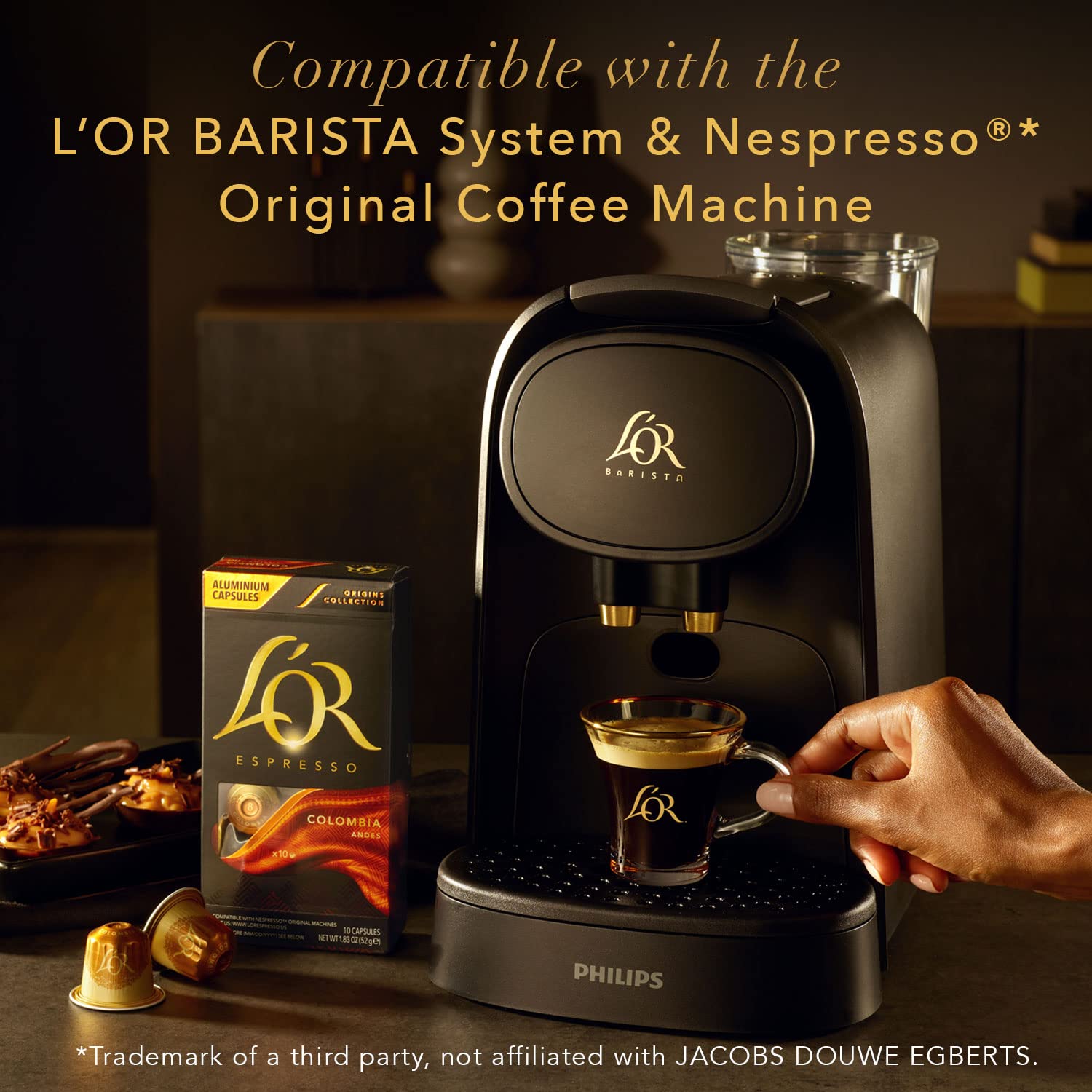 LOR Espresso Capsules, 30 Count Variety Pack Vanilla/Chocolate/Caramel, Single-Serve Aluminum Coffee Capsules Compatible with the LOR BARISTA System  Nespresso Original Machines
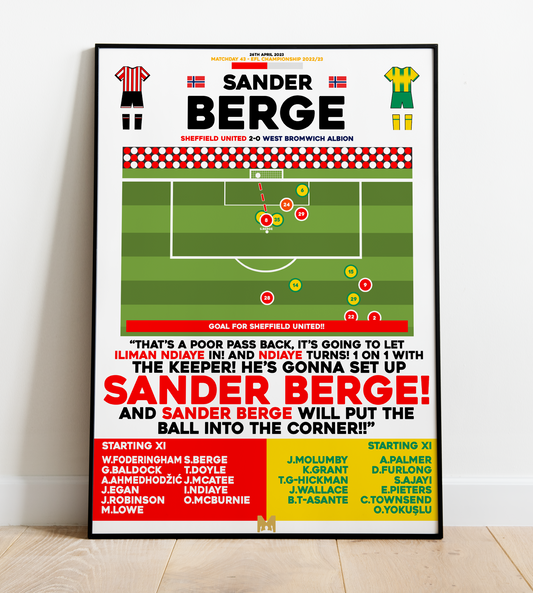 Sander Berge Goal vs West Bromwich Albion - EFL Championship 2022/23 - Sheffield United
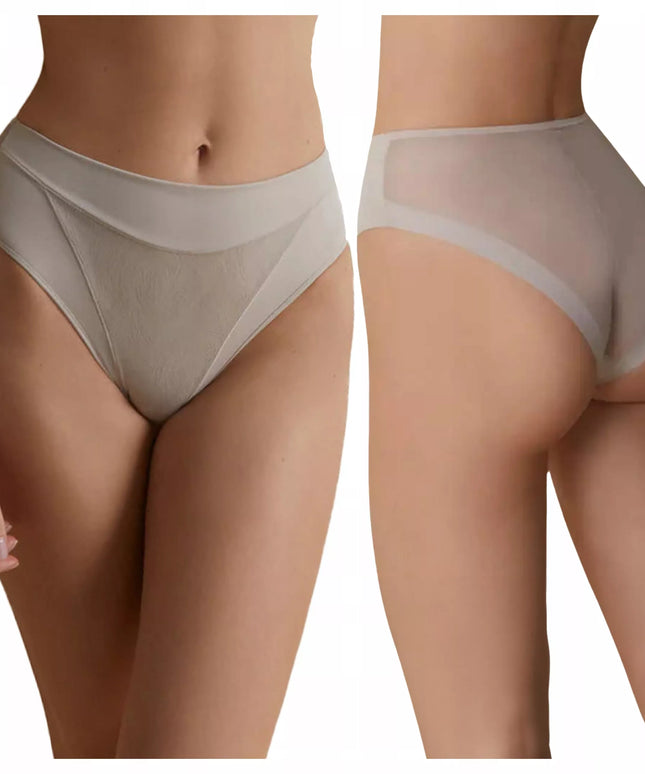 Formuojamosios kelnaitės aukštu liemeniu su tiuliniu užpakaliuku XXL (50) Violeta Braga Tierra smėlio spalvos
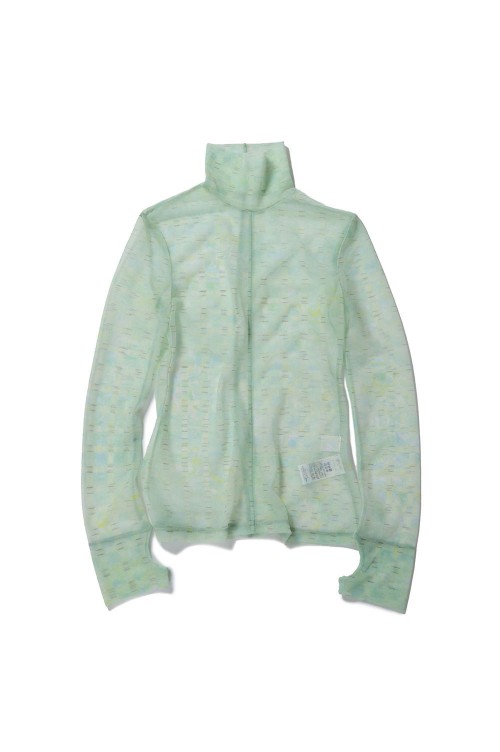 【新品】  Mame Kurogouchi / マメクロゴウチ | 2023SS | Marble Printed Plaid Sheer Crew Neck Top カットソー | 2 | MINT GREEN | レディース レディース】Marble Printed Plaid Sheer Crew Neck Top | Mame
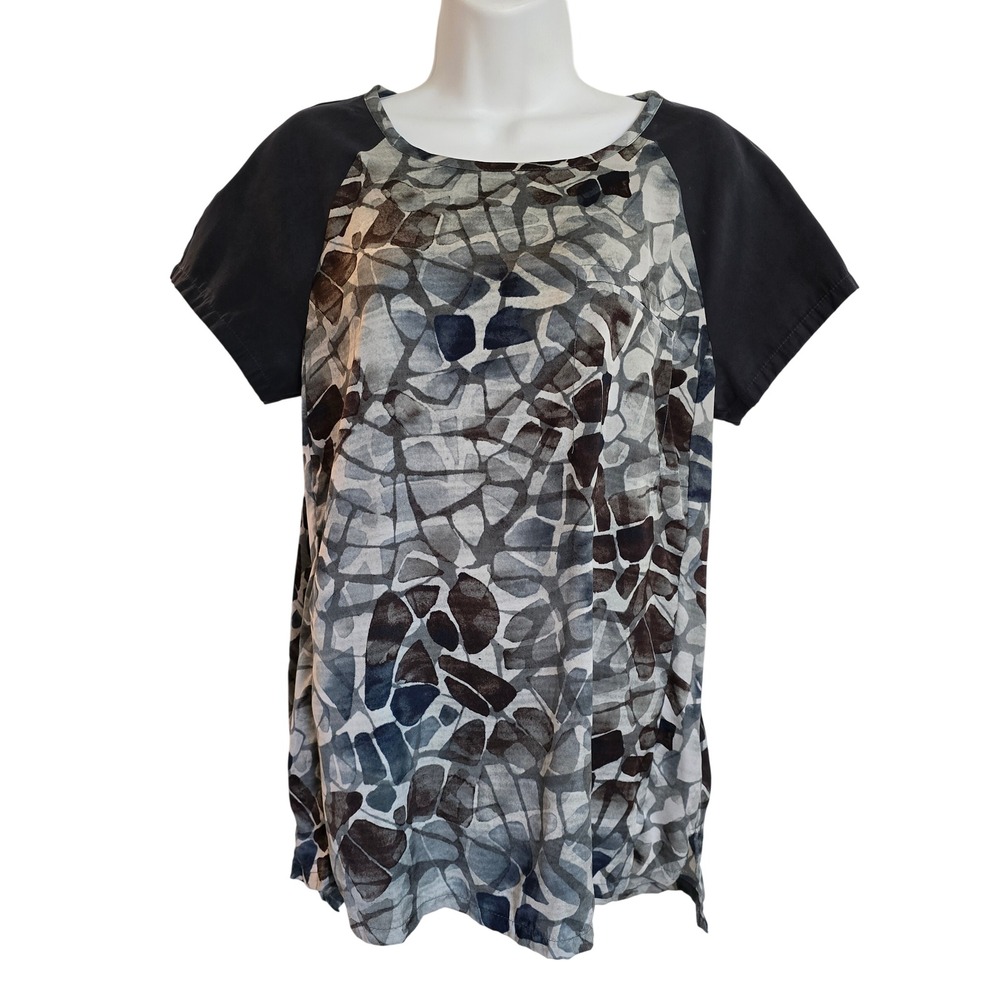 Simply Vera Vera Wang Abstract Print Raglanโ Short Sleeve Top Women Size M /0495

* * * * *

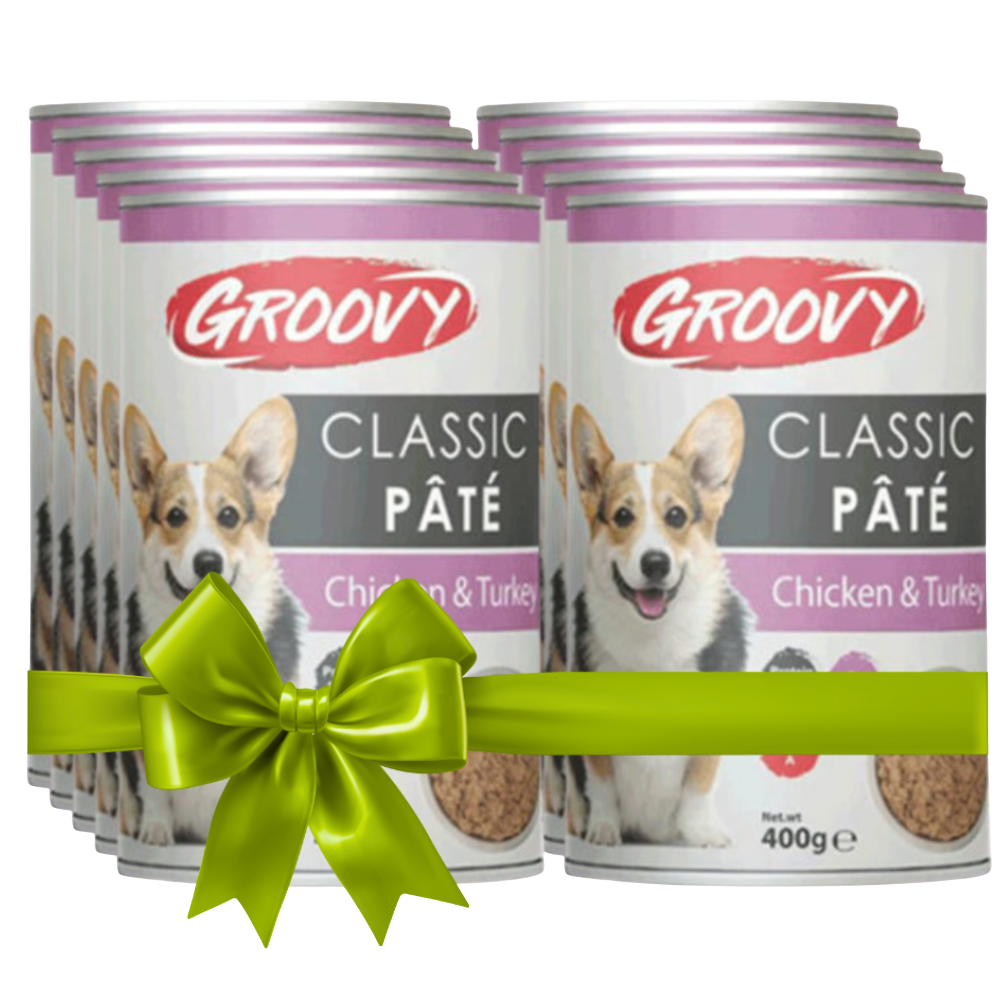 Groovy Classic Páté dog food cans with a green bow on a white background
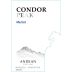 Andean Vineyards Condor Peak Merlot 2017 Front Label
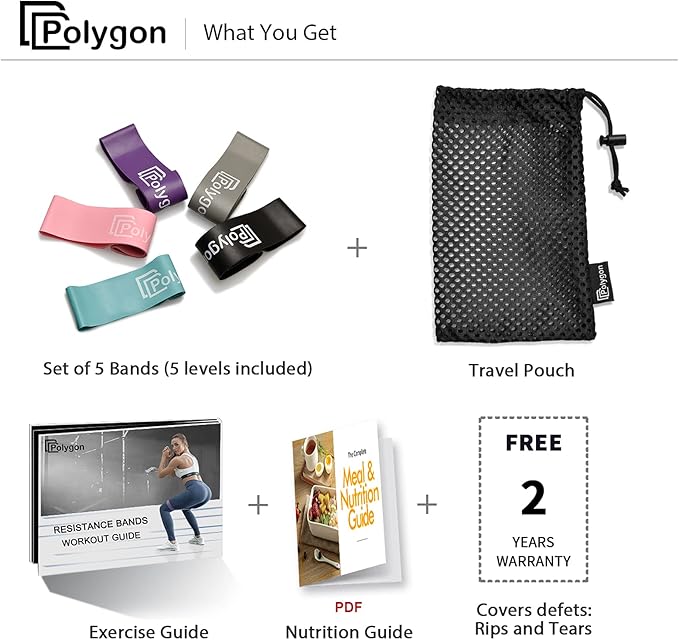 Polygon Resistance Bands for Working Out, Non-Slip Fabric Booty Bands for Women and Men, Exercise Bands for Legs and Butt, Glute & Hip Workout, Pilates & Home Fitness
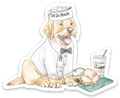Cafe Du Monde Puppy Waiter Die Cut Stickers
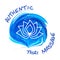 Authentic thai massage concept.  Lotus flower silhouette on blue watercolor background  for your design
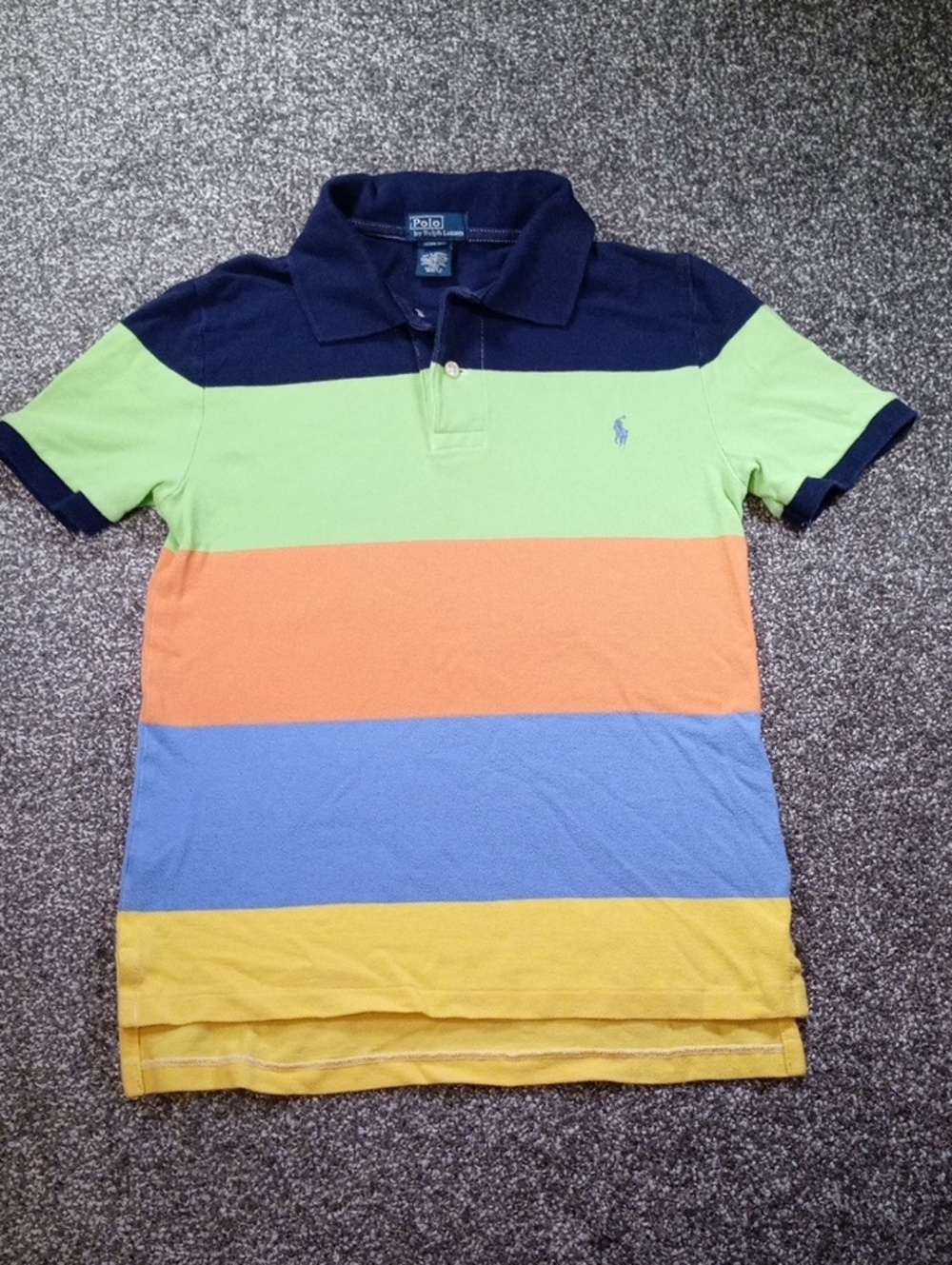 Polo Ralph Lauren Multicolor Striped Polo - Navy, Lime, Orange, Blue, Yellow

* * * * *

## WORK ORDER
Your copy should hold the lines from the one with "Polygon Resistance Bands" up to and including the one with "Polo Ralph Lauren", exactly as in the data above, and no pictures.

## WORKED SOLUTION
 Polygon Resistance Bands for Working Out, Non-Slip Fabric Booty Bands for Women and Men, Exercise Bands for Legs and Butt, Glute & Hip Workout, Pilates & Home Fitness
Cafe Du Monde Puppy Waiter Die Cut Stickers
 Authentic thai massage concept.  Lotus flower silhouette on blue watercolor background  for your design
 Polo Ralph Lauren Multicolor Striped Polo - Navy, Lime, Orange, Blue, Yellow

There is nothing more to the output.